Hey team, quick one about mapping. if I have som...
# ask-community
b
Hey team, quick one about mapping. if I have some code like so:
Copy code
with Flow(
    name="horse_racing_data",
) as flow:
    dates = get_dates_task(days_back=days_back, days_ahead=days_ahead, dt_format="%d-%b-%Y")

    raw_sectional_data = apply_map(get_puntingform_sectional_dump_task, date=dates)


    spell_stats_data = apply_map(
        query_db_for_df_task, path_to_sql=unmapped("sql/select_spell_count.sql")
    )
    
    enriched_pf_data = apply_map(
        calculate_runners_spell_stats_task, pf_sectional_df=raw_sectional_data, spell_data=spell_stats_data
    )
I am making multiple separate
apply_map
calls and I just wanted to make sure if I can guarantee that when calling
calculate_runners_spell_stats_task
I can guarantee the order of the returned maps? What i mean is that
raw_sectional_data
and
spell_stats_data
are iterables and as they are provided to the function it is important that they maintain the same order. Am I all good here?
k
Why are you using
apply_map
over map? Seems like you only have one task per apply map? I think that order is guaranteed though. Order for mapped task is guaranteed and I went over the code and all it does is unpack the
apply_map
and make a flow for it. Just note that the lengths should be equal per these comments
b
haha I thought apply_map is map, what is the difference ? I think someone pointed me to apply_map on this channel before
and yep, lengths are the same
k
Apply map is for a complex sequence of tasks. In the example, the
inc_or_negate
is not a task. It’s a function that uses tasks.
b
ah, right, so are there performance benefits in changing to map?
k
Simplifies the code I think. I think performance difference will be minimal, but yes it is redundant.

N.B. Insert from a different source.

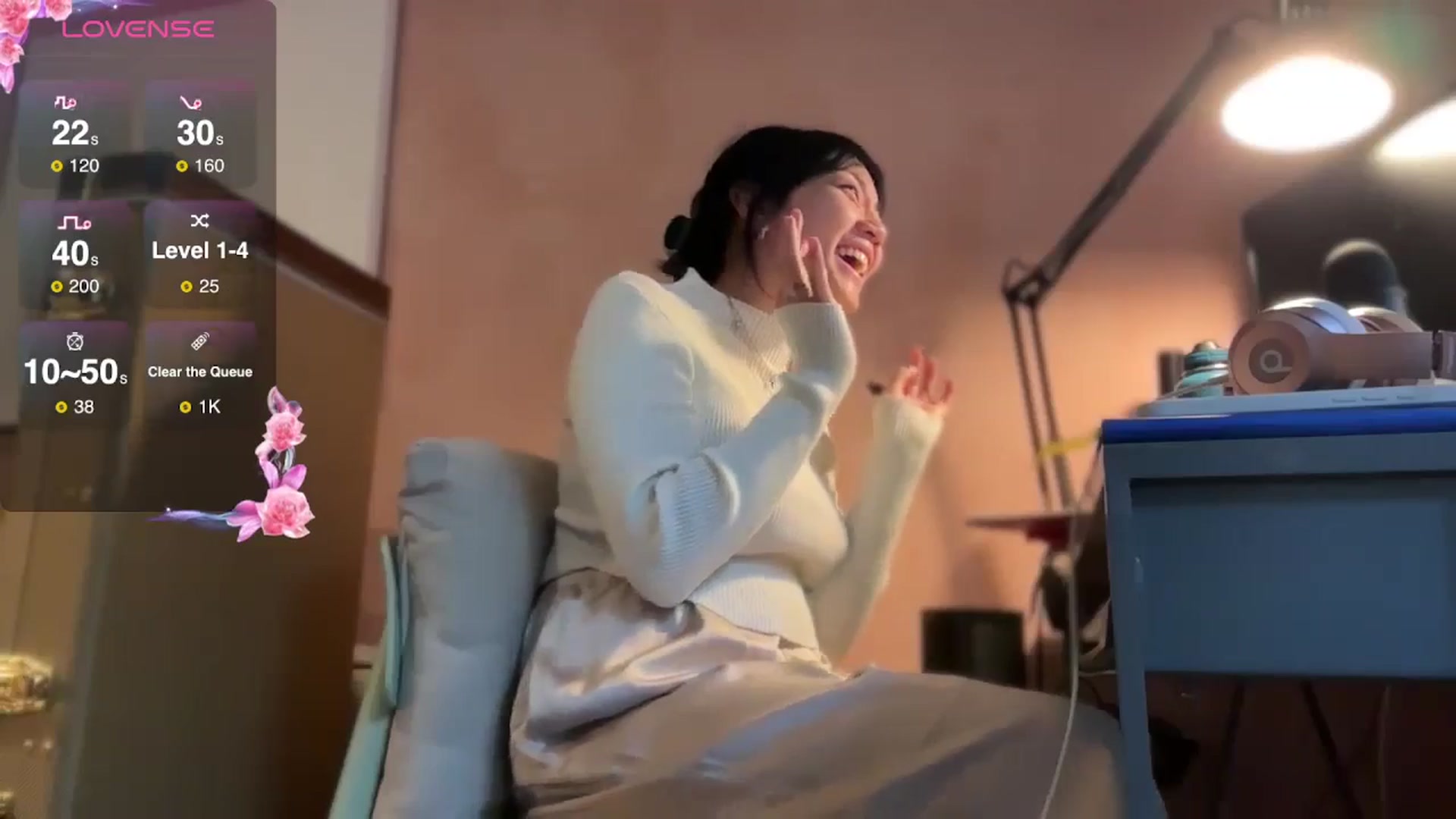 Gallery image thumbnail from luna_tsukiko's myfreecams stream on, 11/12/2024, 19:24 image 4 of 20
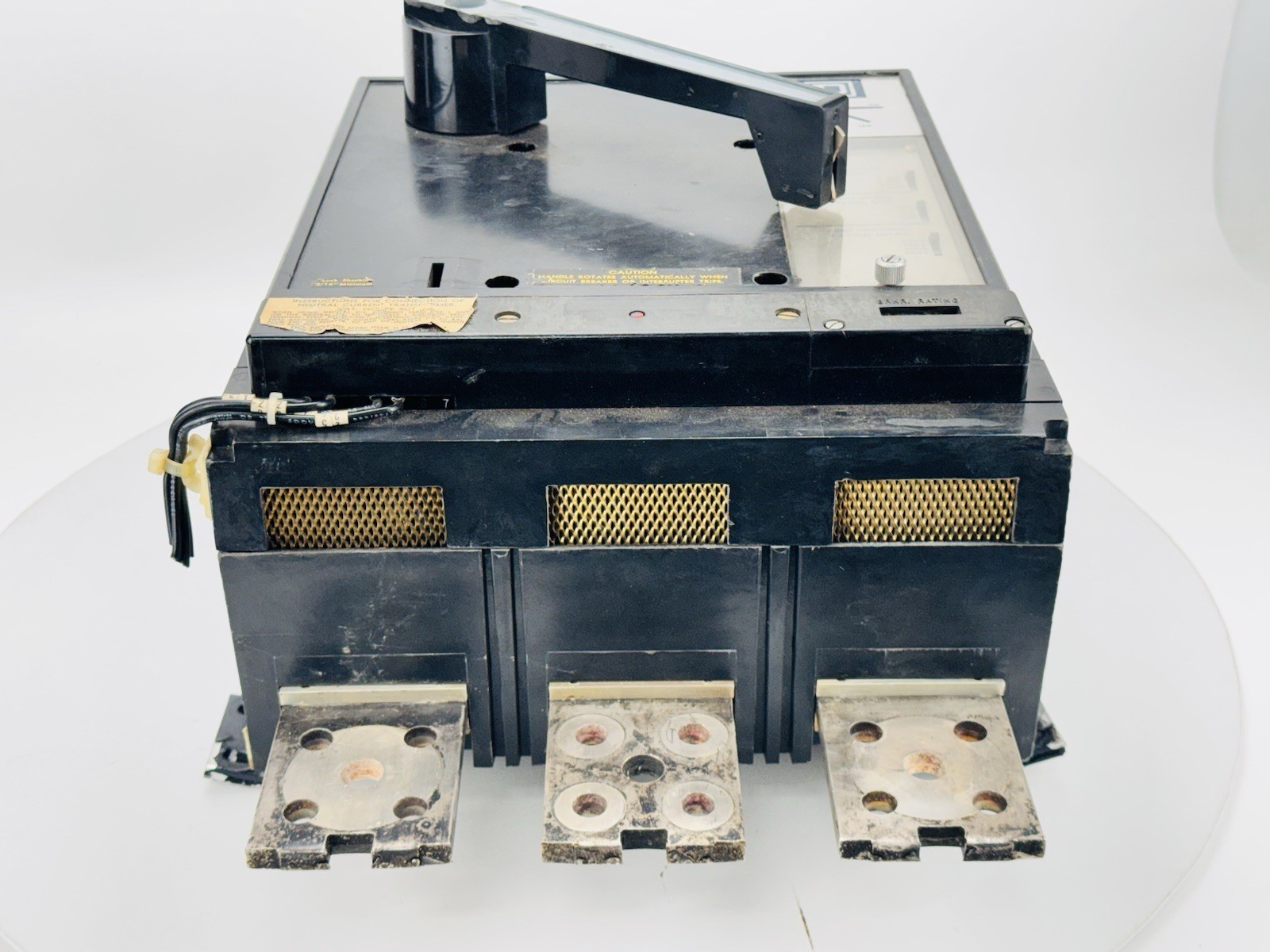 Square D Circuit Breaker PEF1636 1600 Amp 600 Volt 3 Pole Ground Fault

I think you want something like the iterated mapping example
b
hmm, kind of
I just tested it out and the order is definitely not maintainted
the order appears to depend on the time taken for each task to complete
might need to implement an intermediate task that combines the outputs and reorders them
in saying that, when the mapped outputs are dataframes, this becomes quite complicated. Surely I am not the only person to run into this issue
k
For apply_map or map? Could you show me the code snippet?
b
give me a second, I might have missed the point of apply_map and it actually solves my issue
k
Cuz consecutive mapped tasks are compressed and executed together, which is what guarantees the order (on Dask)